Many people have an image of crowdfunding being all about start-ups, but that is increasingly untrue with well-established businesses raising quite significant sums – £1 million is not rare. The idea evolves quickly!
The idea is great. A very large number of people have easy internet access to diverse opportunities. The low costs of operation allow people to invest in amounts as low as a few pounds with relatively little tedious processes and low overall executor costs of investment.
However, it really only works well if we keep the nanny state out. In a society that allows you to lose your family home by betting on horses, it seems strange that there are those who think we need the full (if largely fruitless) rigour of anti-money laundering and investor protection to apply to people investing £25. If we allow heavy regulation in, then crowdfunding will become limited to much larger amounts (say £25,000 plus) by the dead weight of regulatory good intentions.
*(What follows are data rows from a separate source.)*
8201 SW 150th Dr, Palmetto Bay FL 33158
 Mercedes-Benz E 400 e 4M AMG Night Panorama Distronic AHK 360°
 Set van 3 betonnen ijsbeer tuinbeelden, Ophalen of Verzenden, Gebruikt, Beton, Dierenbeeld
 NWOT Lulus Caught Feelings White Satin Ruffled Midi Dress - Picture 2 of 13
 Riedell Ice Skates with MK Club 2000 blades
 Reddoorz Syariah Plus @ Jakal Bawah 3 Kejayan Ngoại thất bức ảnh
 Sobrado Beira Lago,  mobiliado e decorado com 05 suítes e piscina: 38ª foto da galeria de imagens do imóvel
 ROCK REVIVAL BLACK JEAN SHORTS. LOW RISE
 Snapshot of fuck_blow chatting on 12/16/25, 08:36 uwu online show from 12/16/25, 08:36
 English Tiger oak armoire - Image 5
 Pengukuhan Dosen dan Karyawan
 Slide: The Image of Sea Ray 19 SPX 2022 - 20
Regulating Risk in Crowdfunders
Interestingly some of the strongest advocates of increased regulation are the best-established crowdfunding sites. In part this will be because it will be easier and proportionately less expensive for bigger players to comply with regulation – thus making it harder for new entrants and better for the existing sites.
Nobody wants to see crowdfunding used to launder drug money or to be used by fraudsters to steal money the easy way – so some sensible level of control is needed.
The hardest bit is for investors to assess the risks and opportunities that are on offer.
Very poor deals will likely be obvious from the poor presentations they post on the net, but sadly good presentation skills do not always make a good business.
The site manager can sensibly do useful things like checking if the directors are banned, the company has filed accounts and documentary checks work.
However, the investor will always be at risk from weak business ideas, poor execution and plain bad luck. Investors can and do help each other on some sites by posting what they have learnt or know about a proposition. Web casts with management help too. Canny investors will use all those tools and more – the internet contains lots of information about people, businesses and technology.
As an aside, fraudsters have so far not been very visible in the crowdfunding market – but they will come.
Over time I expect that the crowdfunding sites that do best will be those that attract the best businesses and reduce failure by their checking of propositions. They will also have the best legals to help protect investors post investment so that less scrupulous souls cannot sell the businesses to their lovers at an underprice or raise dilutive funding – as yet there is little experience in the UK as to how the post-investment phase will work out but wise investors should think about it before investing.
Crowdfunding is here to stay. But it is evolving and very welcome.